When the Act comes into force on 12 August 2016, it will apply to all contracts of insurance and reinsurance, and to any variations to existing contracts made on or after that date.
This article focuses on the aspects of those changes that require a change of practice by policyholders.
New duty to make fair presentation
Policyholders will be under a duty to disclose material information known to senior management and any individuals responsible for arranging the insurance. Those responsible for the insurance are responsible not only to the internal insurance or risk management team, but also the external insurance broker.
As under the current law, any information is material if it would influence the judgement of a prudent insurer in determining whether or not to take the risk or fix the terms in so doing. Materiality will therefore depend upon the field of activity (e.g. shipping, banking, commodity trading); the nature of the risk; and the relevant class of insurance (e.g. property insurance, credit risk, marine cargo).
Policyholders will also be under a duty to conduct a reasonable search for information that "ought to be known". This includes not only information within the organisation, or its possession and control, but also relevant information held by third parties outside the organisation. 
Presentation needs to be clear and accessible
There is a new standalone duty to present information to insurers in a manner that is ''reasonably clear and accessible". The Law Commissions (which had spent many years working on the reform proposals that culminated in the Act) were critical of the practice of proposed insurers providing large quantities of un-signposted documentation without any indication as its potential relevance. As a result, the last minute "data dumping" of unstructured information will no longer be permitted.
Practical Impact of Fair Presentation Duty
Start Early
Policyholders need to start considering their renewal process and opening the dialogue with placing brokers about what needs to be achieved much earlier. The presentation is now supposed to be an interactive process with insurers asking questions regarding the information provided. The timetable needs to build in this flexibility.
Get advice
Brokers should be able to provide guidance on what information should be considered ‘material’ for any particular type of risk. Part of the long lead-in time permitted between when the Act received Royal Ascent and came into force (18 months), was to enable insurers, brokers and policyholder bodies to work together to develop guidance and protocols setting out what a standard presentation of risk should include for different types of risks.
Organisations, in particular, need to take advice on what should be the ambit of their "reasonable search” and agree that with insurers. The Act provides for a default regime only.
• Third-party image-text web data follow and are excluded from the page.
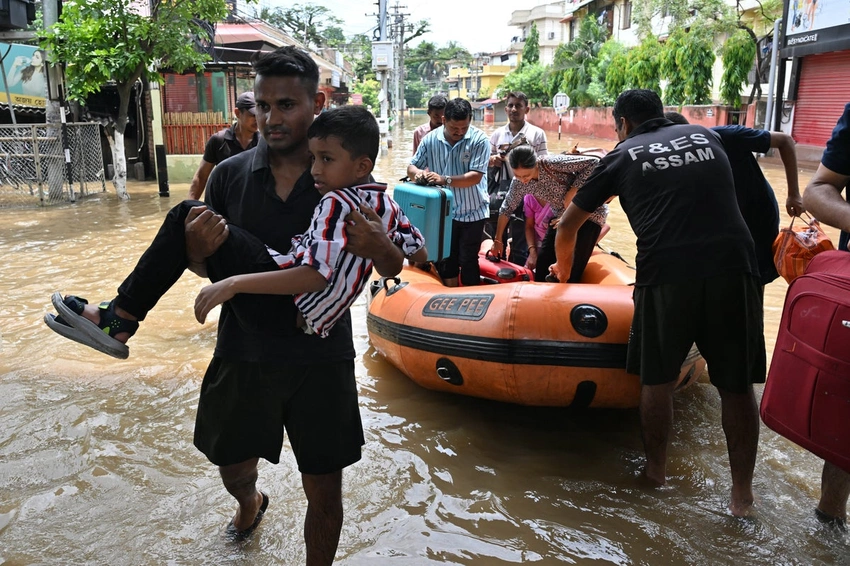 Bhutan King Offers Heartfelt Solidarity to Assam Flood Victims 🤝🇮🇳🇧🇹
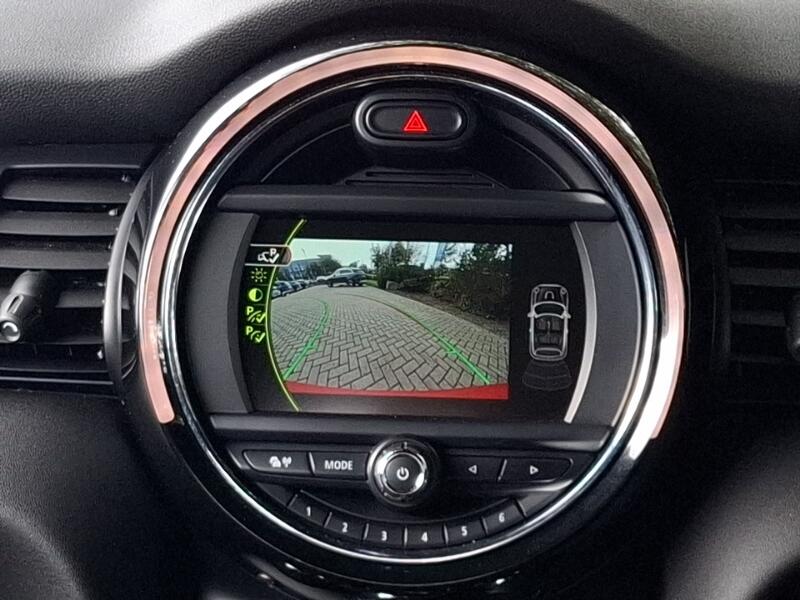 MINI Convertible view 9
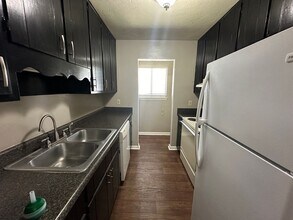 1415 Willow Bend Way in Tallahassee, FL - Building Photo - Building Photo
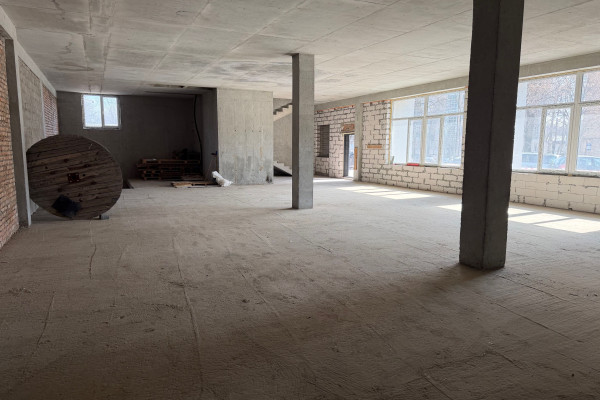 Продажа отдельно стоящего фасадного здания 1 775 м² возле метро «Нивки», Киев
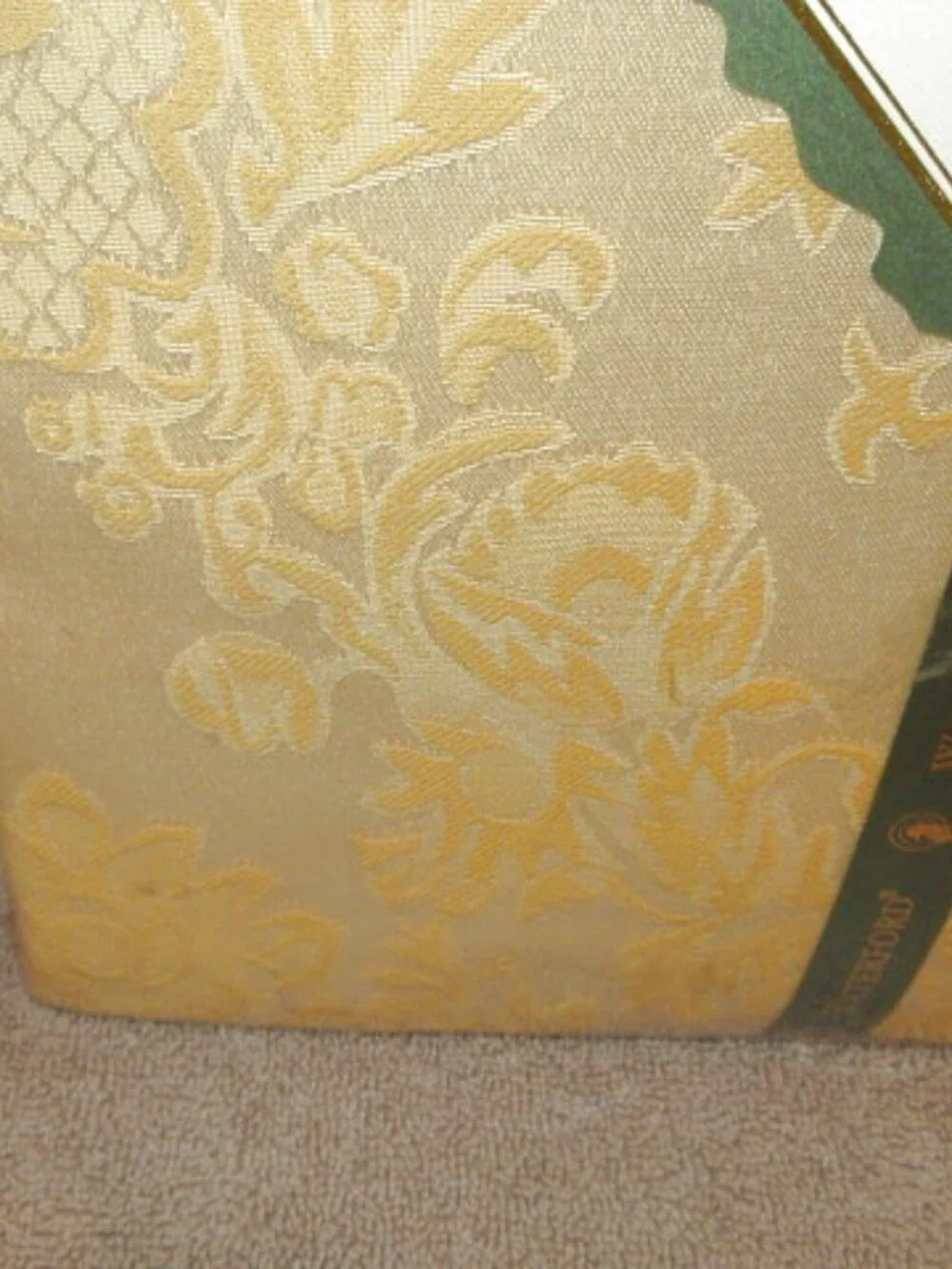 Waterford Wiltshire Platinum Gold Tablecloth Jacquard Paisley Oblong 70 x 84 NEW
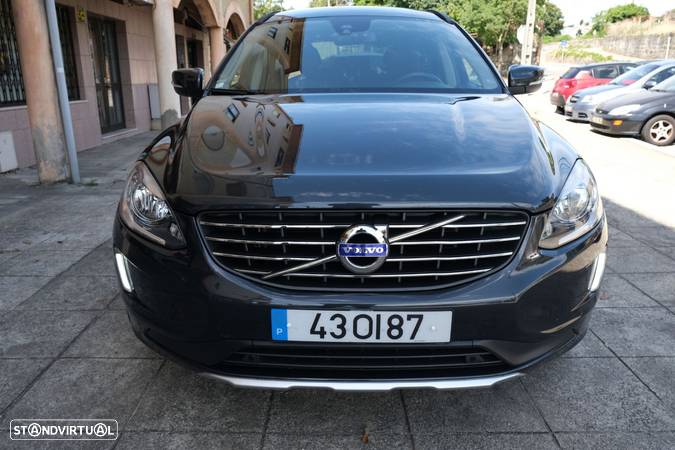 Volvo XC 60 2.0 D4 Momentum 139g Start/Stop - 30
Accordingly, if the parties want to agree that the ambit of the relevant search will be narrower than the terms of the Act, they are free to do so.
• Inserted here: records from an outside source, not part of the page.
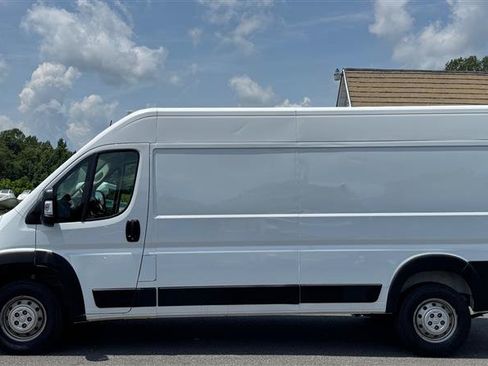 Used 2023 RAM ProMaster 2500 FWD image 8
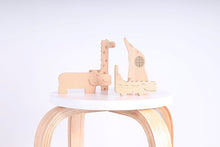 Carica l'immagine nel visualizzatore di Gallery, Belo And Me Wooden Animal Elephant
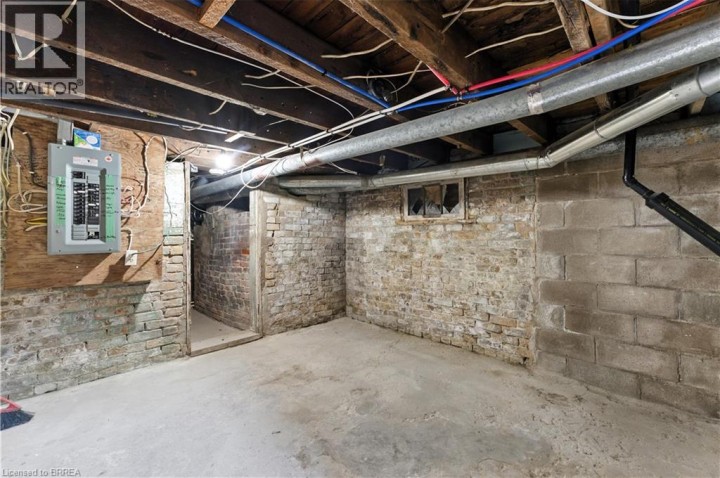 Photo 35 at 192 Brant Avenue, Brantford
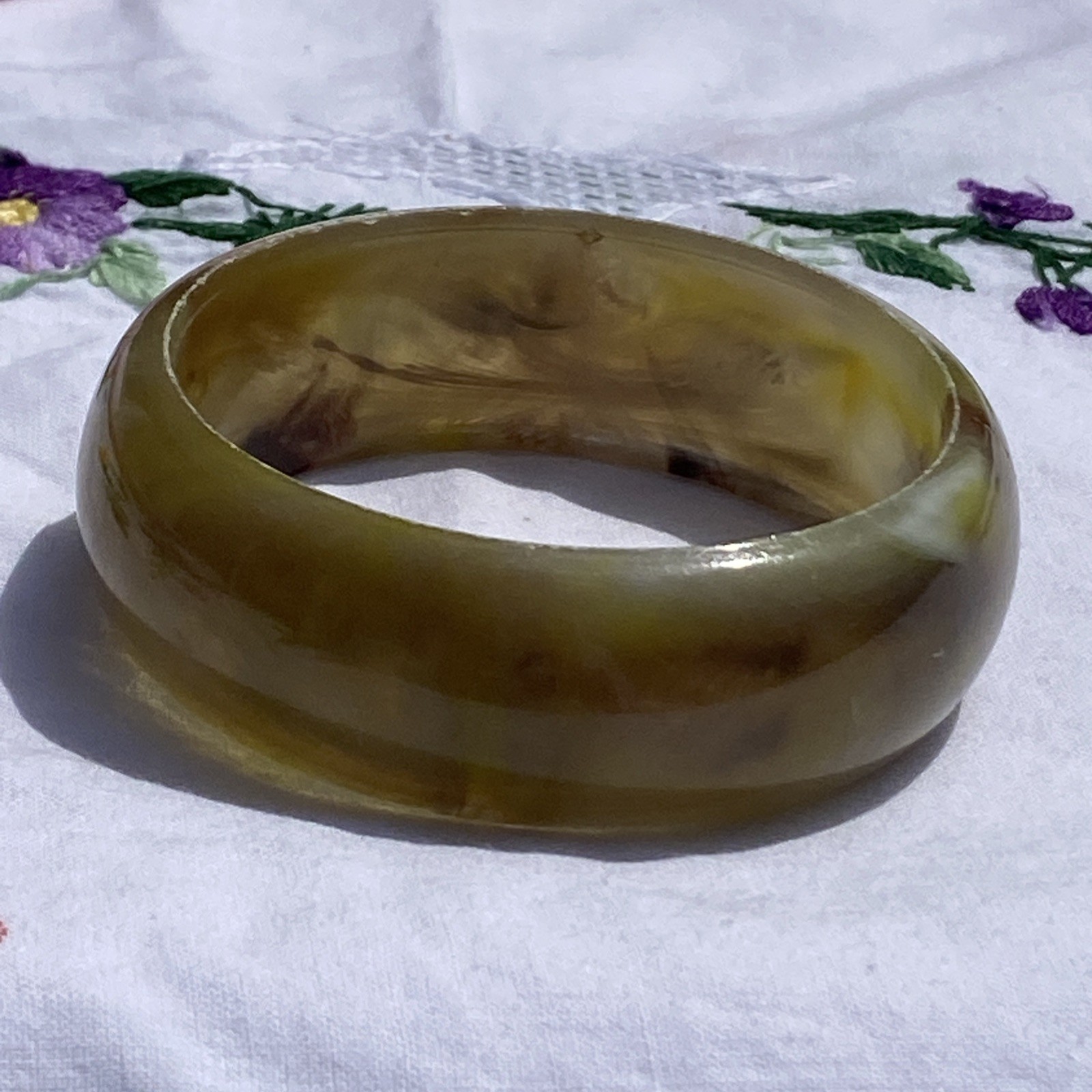 OLD HARD PLASTIC SEAM MUTED MARBLIZED SHADES OF EARTHTONES GLOW BANGLE BRACELET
Who has relevant ''knowledge''?
It will be essential to identify those within the organisation who fall within the definition of "senior management". The Act defines senior management as those individuals who play a significant role in making decisions about how the policyholders' activities are managed/organised. In a corporate context this is likely to extend beyond simply the main Board, and could be a substantial group of people depending on the structure and management arrangements of the organisation.
Policyholders should consider whether the knowledge of such a large group of individuals is really relevant for the purpose of any particular insurance policy. For example, if a commercial bank regularly takes out individual policies covering their clients’ credit risk, is it practical for every individual falling within the definition of senior management to be consulted about whether they have that relevant "knowledge"?  It is much more likely that the transaction team, who have put the deal together, will have the pertinent information and therefore it would be sensible to amend the policy to reflect that fact.
Knowledge also extends to those individuals who are responsible for the policyholders’ insurance. This includes any corporate risk management function but also the placing broker. Policyholders therefore need to liaise closely with their broker and agree what knowledge is relevant and who is responsible for searching for - and in due course storing - the various categories of historical information that might be needed to fulfil the duty.
More onerous obligations
The duty to undertake a reasonable search for information substantially increases the policyholders' obligations.  Remember, a reasonable search will now include relevant information in the hands of third parties – e.g. agents, subcontractors, consultants, professional advisers and those to whom relevant business functions have been outsourced. Policyholders need to make sure they have considered which individuals or organisations are likely to have relevant information and allow enough time to collate it.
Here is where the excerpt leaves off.